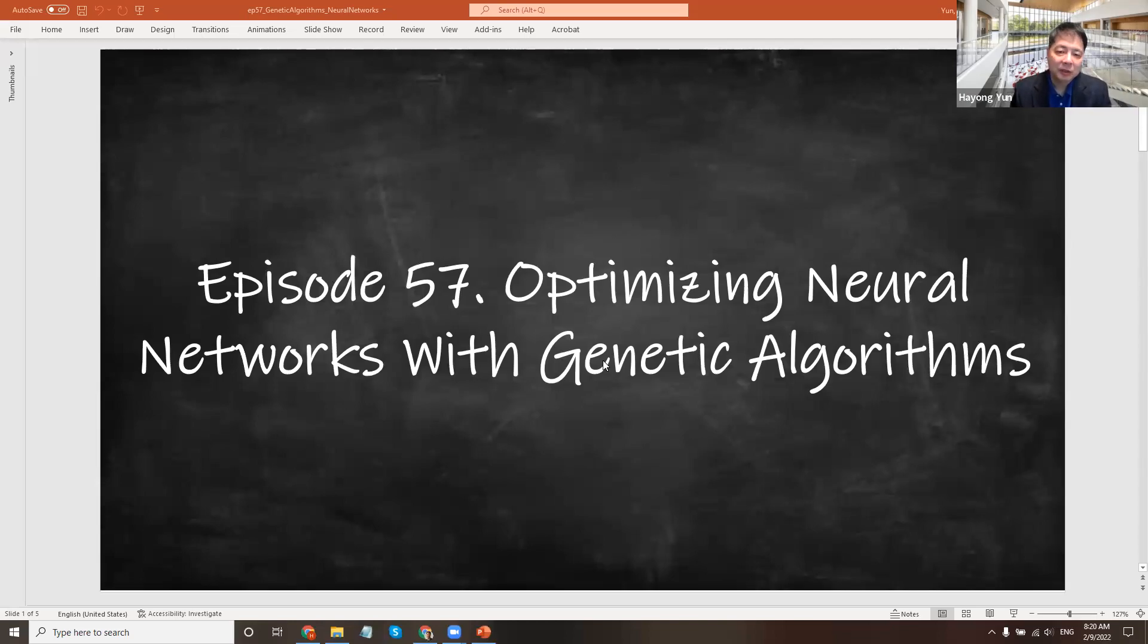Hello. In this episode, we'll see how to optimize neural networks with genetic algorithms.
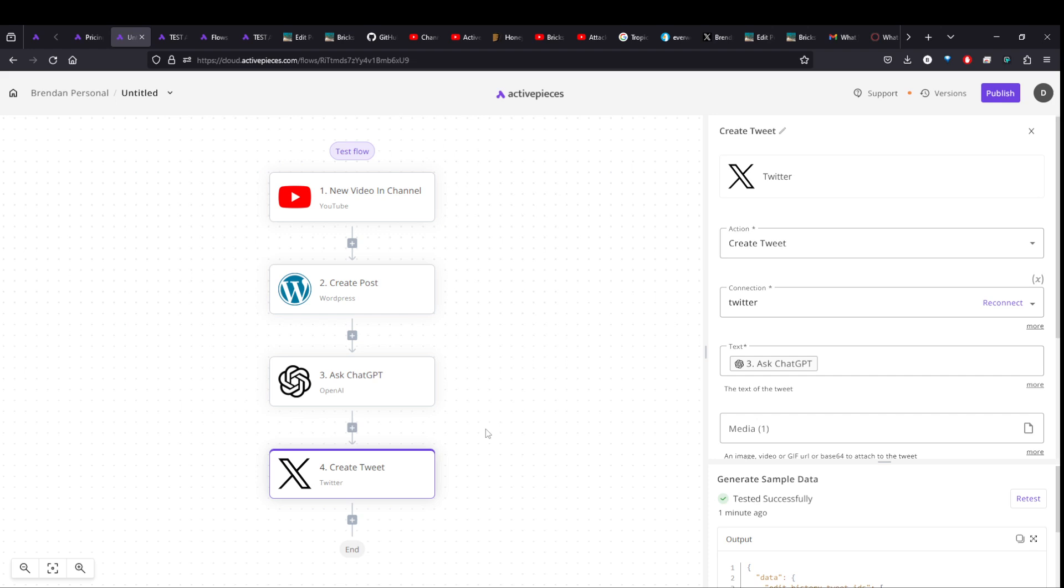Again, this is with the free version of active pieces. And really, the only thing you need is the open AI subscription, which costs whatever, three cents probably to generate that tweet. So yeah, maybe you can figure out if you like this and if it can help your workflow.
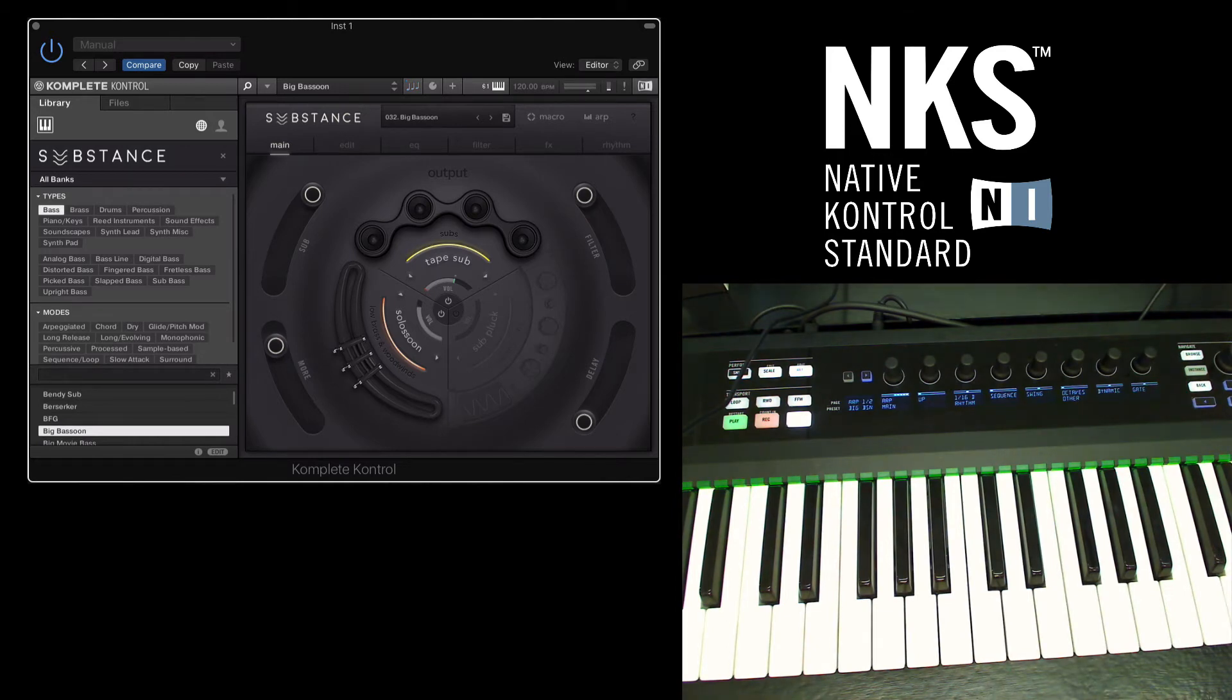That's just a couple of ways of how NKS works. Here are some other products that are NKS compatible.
---*---
## Problem requirements
Go through the listing above and write it all out exactly, leaving out any picture.

## Response to the exercise
Hello. In this episode, we'll see how to optimize neural networks with genetic algorithms.
Again, this is with the free version of active pieces. And really, the only thing you need is the open AI subscription, which costs whatever, three cents probably to generate that tweet. So yeah, maybe you can figure out if you like this and if it can help your workflow.
That's just a couple of ways of how NKS works. Here are some other products that are NKS compatible.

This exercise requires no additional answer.